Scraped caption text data
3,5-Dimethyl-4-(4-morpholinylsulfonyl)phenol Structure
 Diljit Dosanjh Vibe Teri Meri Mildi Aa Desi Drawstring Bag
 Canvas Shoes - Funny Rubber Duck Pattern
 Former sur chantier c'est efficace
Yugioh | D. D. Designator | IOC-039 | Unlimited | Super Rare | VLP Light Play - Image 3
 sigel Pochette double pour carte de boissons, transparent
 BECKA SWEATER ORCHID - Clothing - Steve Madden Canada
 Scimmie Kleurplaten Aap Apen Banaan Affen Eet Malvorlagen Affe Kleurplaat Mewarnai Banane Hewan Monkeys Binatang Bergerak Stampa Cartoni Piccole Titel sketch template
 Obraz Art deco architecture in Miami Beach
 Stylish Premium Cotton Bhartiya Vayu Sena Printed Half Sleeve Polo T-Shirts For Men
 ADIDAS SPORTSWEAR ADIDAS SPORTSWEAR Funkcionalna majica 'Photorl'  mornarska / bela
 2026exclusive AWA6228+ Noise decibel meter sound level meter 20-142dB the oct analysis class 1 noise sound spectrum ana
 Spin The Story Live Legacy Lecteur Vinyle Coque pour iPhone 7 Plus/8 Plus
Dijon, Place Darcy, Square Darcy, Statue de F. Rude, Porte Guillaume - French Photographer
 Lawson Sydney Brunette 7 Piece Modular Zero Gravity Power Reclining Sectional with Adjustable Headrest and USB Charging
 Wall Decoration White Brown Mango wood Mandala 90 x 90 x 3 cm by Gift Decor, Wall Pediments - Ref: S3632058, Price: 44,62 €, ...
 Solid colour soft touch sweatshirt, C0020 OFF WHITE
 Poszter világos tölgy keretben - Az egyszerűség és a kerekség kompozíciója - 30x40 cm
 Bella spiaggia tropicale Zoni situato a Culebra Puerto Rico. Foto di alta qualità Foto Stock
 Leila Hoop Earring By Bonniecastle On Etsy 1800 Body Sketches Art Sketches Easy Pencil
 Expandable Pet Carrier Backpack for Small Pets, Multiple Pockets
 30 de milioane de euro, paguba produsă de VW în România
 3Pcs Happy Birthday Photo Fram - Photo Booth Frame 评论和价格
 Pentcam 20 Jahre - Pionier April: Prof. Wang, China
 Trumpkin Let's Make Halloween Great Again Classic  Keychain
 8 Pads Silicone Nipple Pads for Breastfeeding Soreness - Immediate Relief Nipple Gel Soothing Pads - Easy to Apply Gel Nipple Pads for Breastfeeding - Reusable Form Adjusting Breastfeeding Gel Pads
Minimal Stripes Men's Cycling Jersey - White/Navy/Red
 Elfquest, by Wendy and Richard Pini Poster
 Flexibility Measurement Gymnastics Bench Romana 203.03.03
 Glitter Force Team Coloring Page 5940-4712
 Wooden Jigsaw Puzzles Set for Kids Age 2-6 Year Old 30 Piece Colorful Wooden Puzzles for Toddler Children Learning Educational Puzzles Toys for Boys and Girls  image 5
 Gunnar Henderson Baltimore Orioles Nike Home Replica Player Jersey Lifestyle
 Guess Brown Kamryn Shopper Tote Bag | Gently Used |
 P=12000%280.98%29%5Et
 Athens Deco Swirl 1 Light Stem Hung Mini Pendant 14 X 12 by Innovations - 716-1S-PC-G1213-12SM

## Work to complete
Your task is to quote the lines above, beginning with the first and ending with the one that holds "2026exclusive AWA6228+ Noise".

## Expected answer
3,5-Dimethyl-4-(4-morpholinylsulfonyl)phenol Structure
 Diljit Dosanjh Vibe Teri Meri Mildi Aa Desi Drawstring Bag
 Canvas Shoes - Funny Rubber Duck Pattern
 Former sur chantier c'est efficace
Yugioh | D. D. Designator | IOC-039 | Unlimited | Super Rare | VLP Light Play - Image 3
 sigel Pochette double pour carte de boissons, transparent
 BECKA SWEATER ORCHID - Clothing - Steve Madden Canada
 Scimmie Kleurplaten Aap Apen Banaan Affen Eet Malvorlagen Affe Kleurplaat Mewarnai Banane Hewan Monkeys Binatang Bergerak Stampa Cartoni Piccole Titel sketch template
 Obraz Art deco architecture in Miami Beach
 Stylish Premium Cotton Bhartiya Vayu Sena Printed Half Sleeve Polo T-Shirts For Men
 ADIDAS SPORTSWEAR ADIDAS SPORTSWEAR Funkcionalna majica 'Photorl'  mornarska / bela
 2026exclusive AWA6228+ Noise decibel meter sound level meter 20-142dB the oct analysis class 1 noise sound spectrum ana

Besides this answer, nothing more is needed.